• November 30, 2016

HourglassA recent reminder: U.S. Magistrate Judge Steven E. Rau (D. Minn.) is strict on deadlines. (Here is an earlier post on the topic.)

In the protracted saga of Receiver R.J. Zayed’s litigation against Associated Bank due to its alleged (arguably passive) role in a Ponzi scheme (see previous post, here), the Plaintiff brought a motion to compel after the deadline for fact discovery but before the deadline for “non-dispositive motions.”

While this might seem innocuous to many, it could be fatal for Zayed’s motion.

Photo by Jonathan Rotondo-McCord

Photo by Jonathan Rotondo-McCord

This is one of those litigation traps or crevasses.

All civil litigators know that a motion to compel is a “non-dispositive motion,” so, defined as such, Plaintiff’s motion was timely. Plaintiff filed the motion before the “non-dispositive motion” deadline.

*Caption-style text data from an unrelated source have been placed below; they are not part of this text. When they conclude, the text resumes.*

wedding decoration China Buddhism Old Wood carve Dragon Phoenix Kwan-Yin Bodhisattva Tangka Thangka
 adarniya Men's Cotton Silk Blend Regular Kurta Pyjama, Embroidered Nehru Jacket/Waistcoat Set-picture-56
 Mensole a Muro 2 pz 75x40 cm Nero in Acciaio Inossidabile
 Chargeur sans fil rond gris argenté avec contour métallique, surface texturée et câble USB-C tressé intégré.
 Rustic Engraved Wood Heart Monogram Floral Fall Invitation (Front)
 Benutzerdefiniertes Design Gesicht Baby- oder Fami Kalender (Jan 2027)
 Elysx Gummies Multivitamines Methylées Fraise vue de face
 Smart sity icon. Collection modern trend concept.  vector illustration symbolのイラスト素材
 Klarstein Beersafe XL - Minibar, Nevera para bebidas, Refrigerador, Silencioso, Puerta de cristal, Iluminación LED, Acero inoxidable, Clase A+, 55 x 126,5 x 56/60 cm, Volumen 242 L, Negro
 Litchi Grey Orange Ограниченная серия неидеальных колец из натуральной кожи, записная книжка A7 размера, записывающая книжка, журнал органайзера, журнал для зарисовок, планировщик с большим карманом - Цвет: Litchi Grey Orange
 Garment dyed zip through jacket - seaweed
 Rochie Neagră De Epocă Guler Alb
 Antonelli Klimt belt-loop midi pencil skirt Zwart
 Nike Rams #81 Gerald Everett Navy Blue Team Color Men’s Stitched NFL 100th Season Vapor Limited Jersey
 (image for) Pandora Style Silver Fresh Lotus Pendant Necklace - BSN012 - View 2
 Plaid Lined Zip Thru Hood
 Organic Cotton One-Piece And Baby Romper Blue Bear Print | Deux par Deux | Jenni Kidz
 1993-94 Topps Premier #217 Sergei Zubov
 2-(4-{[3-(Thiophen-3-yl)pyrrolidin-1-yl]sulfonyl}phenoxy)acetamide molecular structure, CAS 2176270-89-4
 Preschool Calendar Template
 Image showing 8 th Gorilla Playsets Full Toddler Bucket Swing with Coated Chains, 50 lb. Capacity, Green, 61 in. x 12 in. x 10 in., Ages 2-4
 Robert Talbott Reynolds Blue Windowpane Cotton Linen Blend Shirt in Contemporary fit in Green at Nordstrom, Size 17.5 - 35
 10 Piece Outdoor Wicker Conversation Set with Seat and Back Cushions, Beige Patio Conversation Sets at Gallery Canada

On the other hand, a motion to compel is a motion to compel additional fact discovery so, defined as such, arguably it should be brought within the period for fact discovery, which it was not. It could have been, Judge Rau found. So, it was denied as untimely.

With all due respect, I think Judge Rau got this one wrong. See the most recent scheduling order in the case and in particular, this passage:

All non-dispositive motions and supporting documents (notice of motion, motion, affidavits, exhibits, memorandum of law, and proposed order)…shall be scheduled, filed and served on or before October 21, 2016. This deadline includes motions relating to discovery

How can the Court impose a deadline for “fact discovery” of June 2016 (in September, 2016), expressly provide for motions to compel relating to discovery of October 2016, and then deny a motion because it was past the period for “fact discovery”?

Regardless of the outcome of this particular motion, civil litigators should note this hidden risk and do whatever they can to guard against it.